Are they a football team or should they be trying to win the Nielsens?

Of all the crazy things involved with the trade of Tim Tebow to the Jets, the funniest was that Tebow said he's wanted to play for Rex Ryan since seeing him on Hard Knocks.

That's not hard to believe, since Ryan's star turn on the HBO program was pretty entertaining. It's also not hard to believe because the Jets have pretty much turned into a reality show.

The end of last season was like something out of one of those Real Housewives shows as the Jets fought with each other in public, went behind each other's backs with nasty insults and generally looked like the stupidest human beings on the face of the Earth.

Mike Tannenbaum and Rex Ryan resembled nothing so much as the beleaguered husbands as they tried to explain that everything was fine when it was clear that everything wasn't fine.

All kinds of reality show tropes have been in evidence for the Jets since then. Their delusional belief that Peyton Manning would opt to join them as a free agent could have been dreamed up by one of those stage moms that slather makeup on their three-year-olds for a beauty pageant.

Then, when Manning did the obvious and told the Jets he wasn't coming to town, they turned around and signed Mark Sanchez to a contract extension in a failed attempt to sell the idea that they passed on Manning before he passed on them.

Anyone who has ever seen a crying woman leave "The Bachelor" mansion saying that he made a huge mistake will recognize that move. 

Things are only getting ramped up now. The trade, the snag and then the redone trade could have been a manufactured plot twist that those plucky Kardashian sisters had to overcome because they were dumb enough to find themselves stuck in the mud in the first place.

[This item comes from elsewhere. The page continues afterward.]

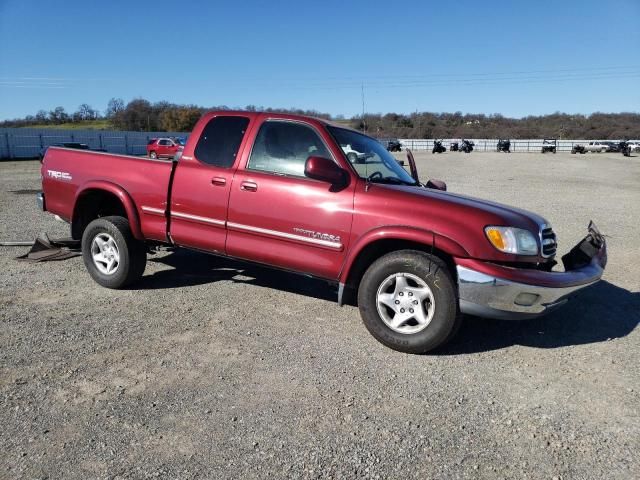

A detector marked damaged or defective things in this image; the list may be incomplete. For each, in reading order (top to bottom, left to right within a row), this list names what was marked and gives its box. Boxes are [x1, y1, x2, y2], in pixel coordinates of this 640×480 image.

damaged front bumper [456, 223, 604, 320]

You know the confessional scenes from "Real World" and the like, when people use private time with the camera to tell the audience things that differ from what they say in public? Tannenbaum seems to since he used a radio interview on Thursday to basically backtrack on Wednesday's insistence that Tebow was coming just to be a backup with the occasional package of Wildcat plays.

"If our offense is sputtering and we have, say, three three-and-outs and we roll this out there and it’s successful, who knows?"

The only difference, of course, is that Tannenbaum's words were heard by everyone in real time instead of three months later when they are revealed via a taped show. Sounds like a Situation!

All of this is leading up to a football version of "American Idol," where Tebow and Sanchez battle to win the hearts of the public and the judges. The only snag is that, based on their play to this point, both of the contenders would never get past those audition shows that used to feature Simon Cowell tearing apart misguided teenagers simply because they wanted their own chance to reach the kind of audience he felt only truly talented people, like Hugh Hefner's "girlfriends," deserved to reach.

It's not a bad route for the Jets to go. People like to watch reality TV shows and it's pretty clear they are only interested in people watching them.

So it doesn't much matter that people watch these shows as a guilty pleasure since they readily admit that they aren't very good and that they prefer a well-crafted drama with compelling characters and a well-written storyline to the shenanigans of reality shows.

We know the Jets can do shenanigans. What we don't get is why they need to keep reminding us.